The District Superintendent wasn’t wrong. Their Conference was only starting about one new church per decade. Several years later Ross got his turn and was given the opportunity to plant a new church. It went well, and he was in the initial stages of planning a second site when his appointment changed to a large, historic church in need of revitalization.
Ross in now halfway into his first year as the Missouri Conference Director of Congregational Excellence and still has that passion for starting something. He wants to ensure that people in Missouri who are called to start something new don’t have an experience like his. He wants to see that they receive not only opportunities to follow their call to plant but also have encouragement, training and support.
On January 22 and 23, 36 gathered for the New People: Church Planting Discernment Retreat in Columbia. Ross conveyed that for years, as people bemoaned the decline of the United Methodist Church, an analogy was used of the church being a great ship at sea, going on to say large ships don’t turn on a dime but adjust course by a few degrees at a time to change their destination.
That analogy doesn’t really work for Ross. Instead, he sees the United Methodist Church as a flotilla of 32,000 boats. Some are slowly sinking, some are sinking rapidly and some are making improvements and becoming bigger, better boats than they ever were before. Going back to the original analogy, he doesn’t think it’s necessary to get all 32,000 ships moving in the same direction.

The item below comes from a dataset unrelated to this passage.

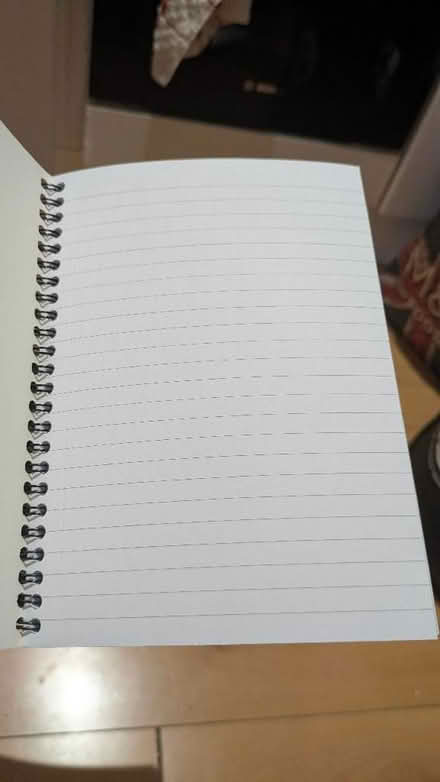 Photo of free Unused notepads x3 (Dyke Road area BN3) #3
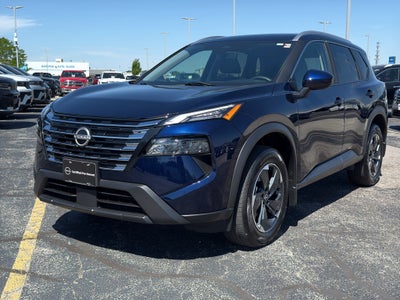 2024 Nissan Rogue SV Intelligent AWD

“The biggest problem is we’re losing thousands of ships,” Ross said. “We need to build a whole bunch more ships and launch them into the ocean. To do that, we need a boatload of current, spiritually savvy, evangelistic entrepreneurs.”
Church consultant Lyle Schaller once advised that churches that just wanted to hold their own needed to be starting 1 percent of their total number of churches per year. In Missouri, that would be eight new churches per year. Ross said there needs to be three things to start something new: a planting team, a place and funding. More than a dozen sites in Missouri have been identified. Congregational Development has funds to assist with new church starts. When Ross arrived in Missouri, he was not given a list of potential planters, so for the past several months he has been asking everyone for names. He now has 74 names on a list. The next step is getting people trained, and the New People: Church Planting Discernment Retreat was the first step in that process.
“We’ve had some spectacular failures on planting, sometimes didn’t have training and support needed to hit the ground running,” Ross said. “Having a good match of planter and mission field means the chance of plant making it goes way up.”